What is needed.
Keeping pictures out of the copy, restate each record word for word.

Collected data:
━━━━━━━━
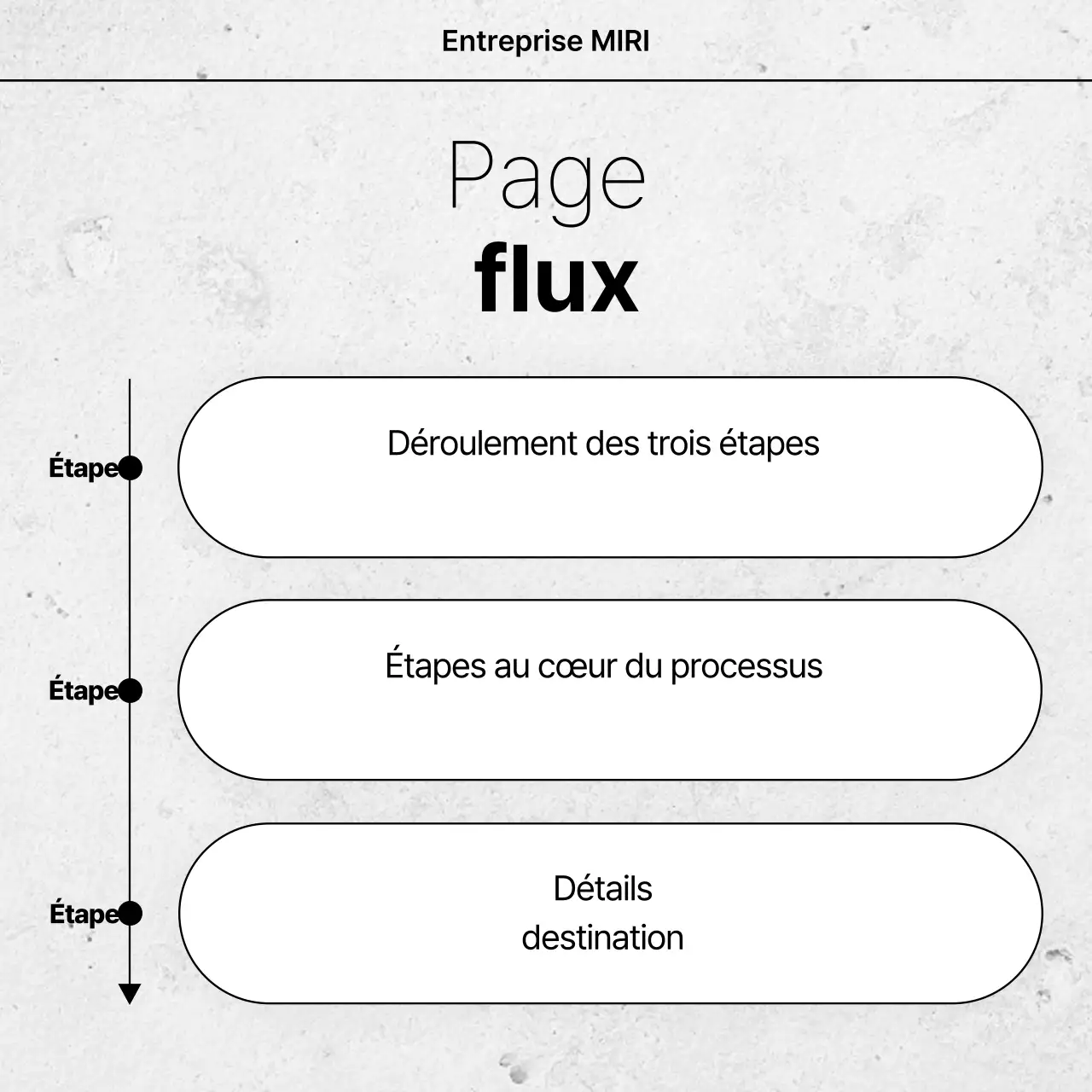 Publicité blanche de conception simple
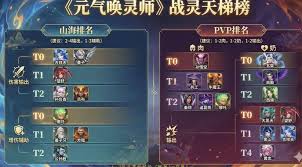 元气唤灵师墨无锋技能是什么 第2张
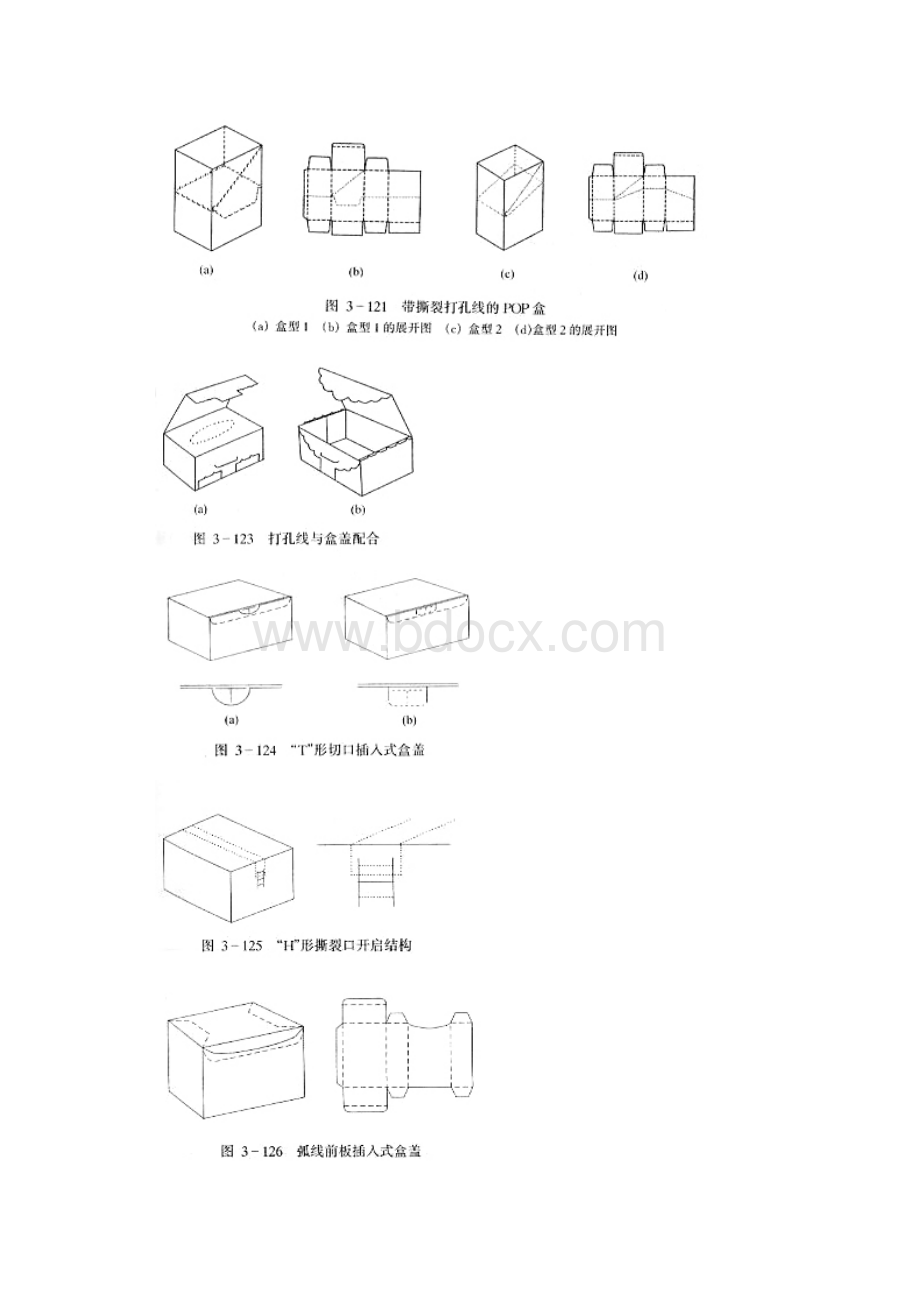 包装结构设计课程教案5 1.docx_第3页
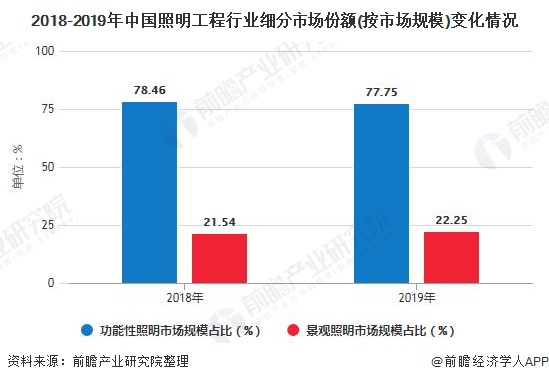 2018-2019年中国照明工程行业细分市场份额(按市场规模)变化情况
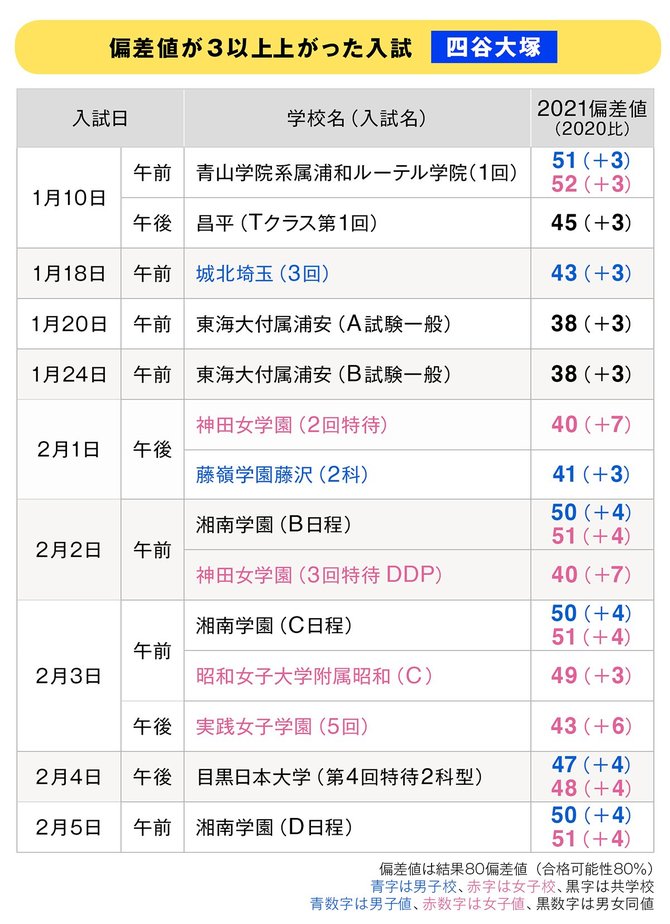 首都圏「中学受験2021」、偏差値が上昇した入試 | 中学受験への道 | ダイヤモンド・オンライン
━━━━━━━━
Result of this exercise.
 Publicité blanche de conception simple
 元气唤灵师墨无锋技能是什么 第2张
 包装结构设计课程教案5 1.docx_第3页
 2018-2019年中国照明工程行业细分市场份额(按市场规模)变化情况
 首都圏「中学受験2021」、偏差値が上昇した入試 | 中学受験への道 | ダイヤモンド・オンライン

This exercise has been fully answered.